Saturday, June 1, 2013

Stuffed Beef Breast

AKA:
Gefulte Rinderbrust

I got this from my Pennsylvania Dutch Cook Book, by J. George Frederick.  It was published by Dover Publications, Inc. in 1971.

ISBN:  0-486-22676-X
Dover is stellar in my mind because they reprint, often completely, works that were published previously but may have otherwise been lost to time.  This cook book is "an unabridged republication of Part II, 'Cookery,' of the The Pennsylvania Dutch and their Cookery, as originally published by The Business Bourse in 1935."  (A bourse is a stock exchange; I wonder why they were publishing recipes!)

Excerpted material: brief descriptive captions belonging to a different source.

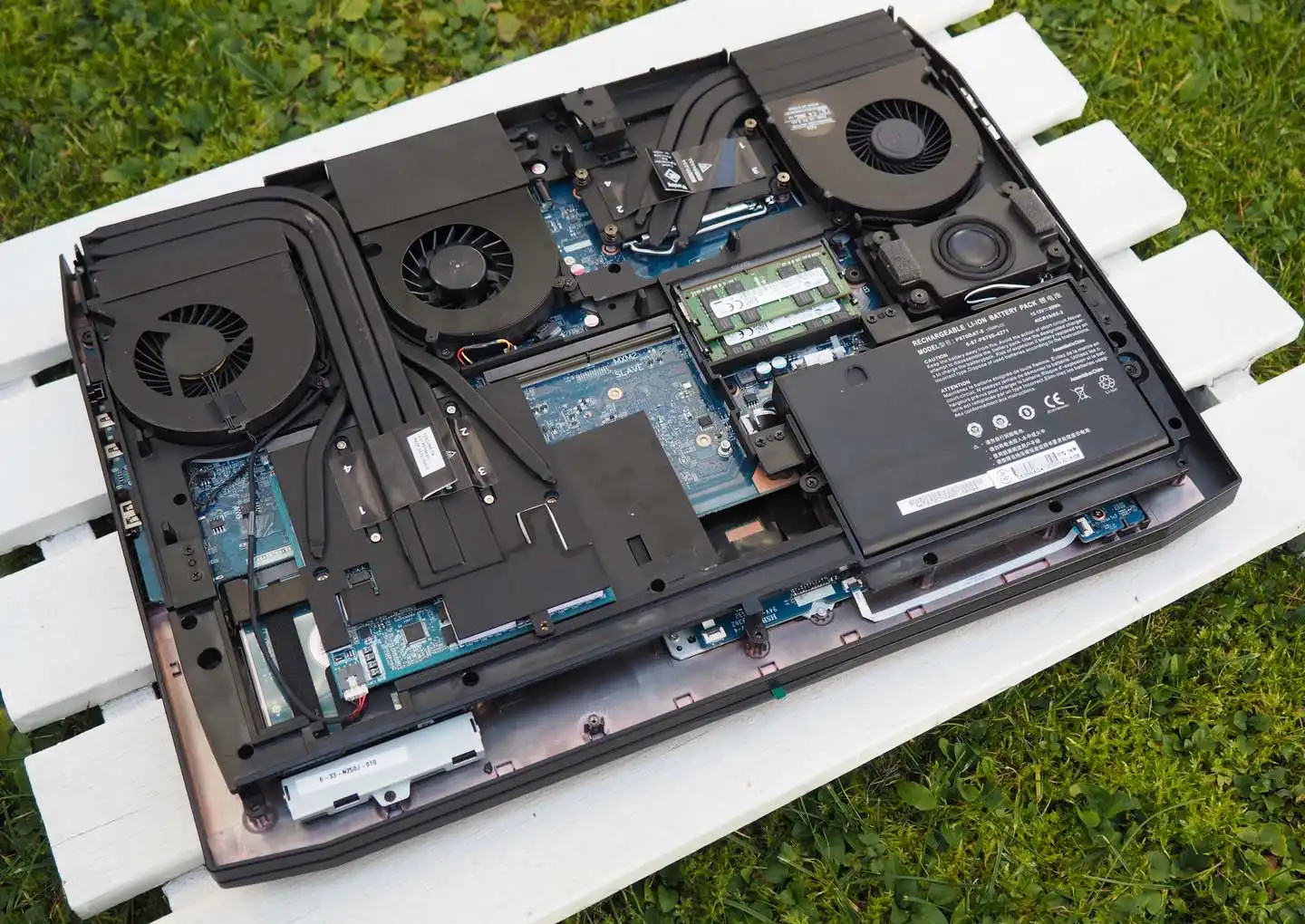 Замена или ремонт видеочипа ноутбука Packard Bell во Владимире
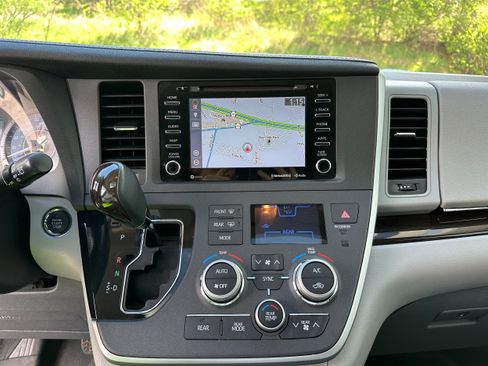 Used 2020 Toyota Sienna XLE w/ XLE Navigation Package AWD/4WD image 31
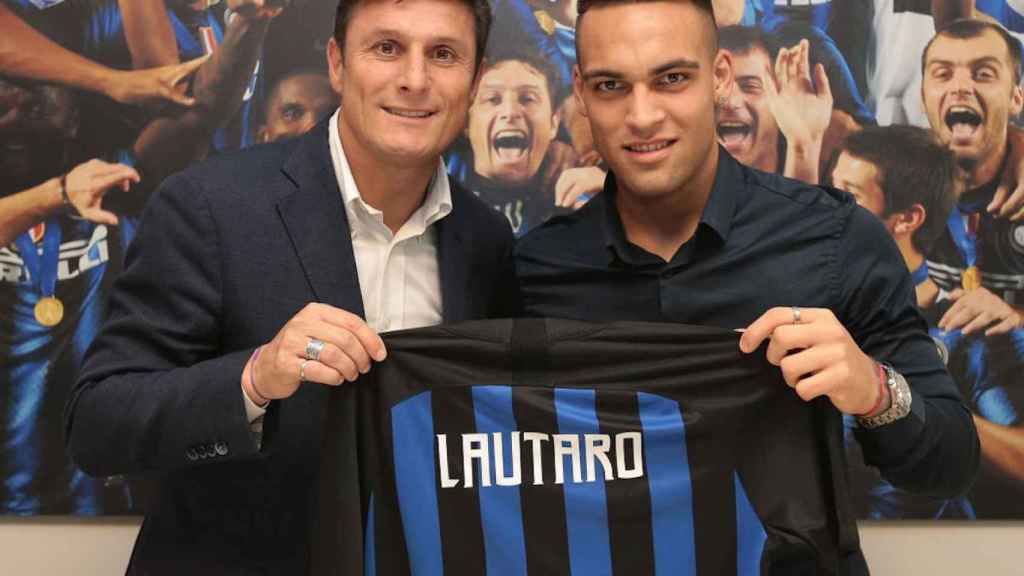 Lautaro Martínez con Javier Zanetti en su presentación / EFE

Gefulte Rinderbrust is on page 47, recipe #86, and looked both simple and interesting as something to do with a chunk of beef.

1 beef fillet
1 onion
1 teaspoon minced parsley
1/2 lb chopped meat
1/2 teaspoon salt
1/4 teaspoon pepper

Chop the onion, mince the parsley, add the salt and pepper.  Spread this over the beef fillet, rub in well on both sides.  Cover the fillet with the chopped meat, seasoned, and roll and tie it.  Cook until tender in covered pot with one cup of water.  Make a gravy to serve with it.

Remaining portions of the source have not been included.